If Hamas can shoot at Israel and call “base” like kids playing tag with children and civilians as shields, how can we ever remove the existential threat they pose? It is a perpetual forcefield that we must break.
It would be much easier and safer for our soldiers and protect the grieving country from more death and bloodshed to only drop bombs from the air over most of Gaza. The collateral damage would be unfathomable. Israel’s commitment to protecting civilian life in Gaza is felt most by parents, siblings, spouses and children of the dead soldiers who were killed because Israel values saving civilians in Gaza from Hamas. If we did not, we would not be on the ground there at all. I wish CNN and all sensationalist news outlets would recognize that fact and report on it, properly.
Before my wife and I had children, Sunday mornings consisted of us enjoying a leisurely brunch at the kitchen table and playing a game we invented call the Ethicist. It was based off the column in the New York Times. We would read the case to each other printed in the paper and offer our best ethical solution to the question posed of the moral guru. We loved when we got it right and took issue with the Ethicist when he failed to see it our way.
How would the ethicist slice this Jabaliya problem? Hamas masterminds hiding amongst children? Terrorist headquarters in hospitals. Keeping fuel for rockets and food for terrorists and hiding both from citizens.

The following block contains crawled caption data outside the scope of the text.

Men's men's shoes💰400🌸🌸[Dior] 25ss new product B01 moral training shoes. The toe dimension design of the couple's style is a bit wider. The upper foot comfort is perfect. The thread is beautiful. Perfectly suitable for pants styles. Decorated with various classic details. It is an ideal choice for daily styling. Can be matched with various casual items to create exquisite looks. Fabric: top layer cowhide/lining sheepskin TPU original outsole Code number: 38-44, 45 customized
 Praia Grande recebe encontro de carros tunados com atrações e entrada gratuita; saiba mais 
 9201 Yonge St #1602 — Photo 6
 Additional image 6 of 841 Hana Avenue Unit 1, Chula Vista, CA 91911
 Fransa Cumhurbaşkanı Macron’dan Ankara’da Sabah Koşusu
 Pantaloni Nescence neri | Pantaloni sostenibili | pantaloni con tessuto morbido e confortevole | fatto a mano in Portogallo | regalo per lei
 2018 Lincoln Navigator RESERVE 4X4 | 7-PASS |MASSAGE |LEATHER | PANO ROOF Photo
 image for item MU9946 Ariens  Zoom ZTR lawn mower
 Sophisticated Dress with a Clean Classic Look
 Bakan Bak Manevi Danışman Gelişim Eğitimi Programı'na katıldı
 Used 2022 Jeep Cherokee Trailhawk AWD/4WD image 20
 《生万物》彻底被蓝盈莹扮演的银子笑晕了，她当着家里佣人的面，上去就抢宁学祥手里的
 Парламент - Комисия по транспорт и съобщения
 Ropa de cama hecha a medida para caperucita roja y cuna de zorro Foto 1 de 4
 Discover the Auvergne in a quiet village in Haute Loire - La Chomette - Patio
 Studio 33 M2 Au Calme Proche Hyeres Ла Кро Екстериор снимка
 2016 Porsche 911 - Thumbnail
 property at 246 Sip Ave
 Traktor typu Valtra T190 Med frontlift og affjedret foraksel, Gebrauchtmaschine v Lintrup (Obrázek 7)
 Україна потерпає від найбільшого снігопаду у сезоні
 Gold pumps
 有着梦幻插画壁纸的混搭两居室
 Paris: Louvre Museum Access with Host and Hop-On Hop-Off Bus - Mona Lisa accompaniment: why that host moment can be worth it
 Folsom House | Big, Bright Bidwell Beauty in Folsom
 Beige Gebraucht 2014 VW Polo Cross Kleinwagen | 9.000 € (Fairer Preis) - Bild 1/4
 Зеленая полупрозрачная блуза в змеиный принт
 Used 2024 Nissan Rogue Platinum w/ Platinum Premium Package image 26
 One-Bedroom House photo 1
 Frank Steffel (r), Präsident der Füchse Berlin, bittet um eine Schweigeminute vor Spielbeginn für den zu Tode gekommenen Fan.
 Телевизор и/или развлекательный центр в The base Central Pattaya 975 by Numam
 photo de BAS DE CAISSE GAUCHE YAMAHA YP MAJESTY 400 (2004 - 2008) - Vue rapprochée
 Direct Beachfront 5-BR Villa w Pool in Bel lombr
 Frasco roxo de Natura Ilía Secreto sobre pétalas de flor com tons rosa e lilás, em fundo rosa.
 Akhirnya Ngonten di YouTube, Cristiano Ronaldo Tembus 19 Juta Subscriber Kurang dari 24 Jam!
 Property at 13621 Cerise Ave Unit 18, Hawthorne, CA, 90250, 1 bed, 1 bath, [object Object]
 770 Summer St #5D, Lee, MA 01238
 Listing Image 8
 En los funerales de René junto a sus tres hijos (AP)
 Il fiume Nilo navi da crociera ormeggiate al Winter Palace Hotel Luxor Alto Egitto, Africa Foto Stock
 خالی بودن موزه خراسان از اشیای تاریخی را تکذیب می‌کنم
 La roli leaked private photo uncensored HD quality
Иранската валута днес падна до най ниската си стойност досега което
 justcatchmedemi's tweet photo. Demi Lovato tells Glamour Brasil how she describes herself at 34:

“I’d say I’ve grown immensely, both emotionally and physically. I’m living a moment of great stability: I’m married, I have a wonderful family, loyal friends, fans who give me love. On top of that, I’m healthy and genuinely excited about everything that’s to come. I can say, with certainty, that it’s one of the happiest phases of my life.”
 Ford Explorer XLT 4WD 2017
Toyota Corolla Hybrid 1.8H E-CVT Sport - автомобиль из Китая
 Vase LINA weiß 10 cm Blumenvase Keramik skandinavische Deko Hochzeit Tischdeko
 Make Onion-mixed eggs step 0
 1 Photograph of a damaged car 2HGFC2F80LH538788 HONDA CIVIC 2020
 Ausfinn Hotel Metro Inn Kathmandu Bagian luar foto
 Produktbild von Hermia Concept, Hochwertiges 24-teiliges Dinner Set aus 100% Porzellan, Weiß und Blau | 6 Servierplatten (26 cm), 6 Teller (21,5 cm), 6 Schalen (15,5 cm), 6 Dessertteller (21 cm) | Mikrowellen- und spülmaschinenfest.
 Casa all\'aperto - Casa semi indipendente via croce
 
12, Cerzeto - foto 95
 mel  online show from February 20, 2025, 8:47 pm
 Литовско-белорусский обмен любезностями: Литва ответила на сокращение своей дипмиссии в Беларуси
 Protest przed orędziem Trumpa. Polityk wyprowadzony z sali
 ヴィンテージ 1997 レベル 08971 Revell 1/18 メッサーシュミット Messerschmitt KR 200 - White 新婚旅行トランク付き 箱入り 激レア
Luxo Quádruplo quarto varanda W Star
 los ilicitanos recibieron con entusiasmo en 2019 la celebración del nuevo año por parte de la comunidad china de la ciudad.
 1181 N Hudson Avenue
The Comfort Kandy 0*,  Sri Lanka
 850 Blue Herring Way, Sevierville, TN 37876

Denying civilians passage to safe zones. What is a warring country to do? How would the Ethicist handle such cases?
The question is rhetorical because it is a new form of warfare and reality that, Israel is the first to face. We are the canary in the coal mine, again. In 2000, when Israel named, targeted and assassinated Hamas leadership, the country was regularly chastised by the United States and other countries for what they deemed unnecessary action. Mind you this was during Intifada II when busses were exploding and Hamas suicide bombers were detonating themselves at cafes and pizza parlors all over the country, killing civilian Israelis living life.
Then 9/11 happened. The United States took trillions of resources and made playing cards to track down the heads of Al Qaeda along with Osama bin Laden. Ethics are subjective to our pinch points. If it hurts, we feel permitted to do what is necessary to make it stop. If the pinch point is distanced from us, or not throbbing, the need to address the pinch wanes. I relish and dread the day when the pinch points draw near to those who chastise us now.
Last
After George Floyd’s senseless death, people were reawakened to continued racism in society. My tribe was horrified and stood in solidarity of a painful reality for black people in America. We stood together in an effort to be more aware and work towards eliminating the societal disease of bigotry.
This event is different. It has felt so different. When Jews die, some have the unspoken feeling that we had it coming to us. It was deserved. Jewish blood is cheaper. Evil weighs less when it is against Jews. We can philosophize for years on why that is and the crossroads of white and privilege and religion and ethnicity we find ourselves today. This intersection is the silence of companies speaking out and the hesitation of university leadership using a moral voice.
I cannot tolerate any more of the ‘why’ or unpacking the history and root causes of Jewish hatred. I do not want a sociological experiment or an expensive study. I am fed up. The hatred and hypocrisy and double standards just need to stop. For good. Forever. We must institute a zero tolerance towards antisemitism and force at worst the law and at best, the scarlet letter on those who cannot follow the needed moral code of society to which we sadly belong.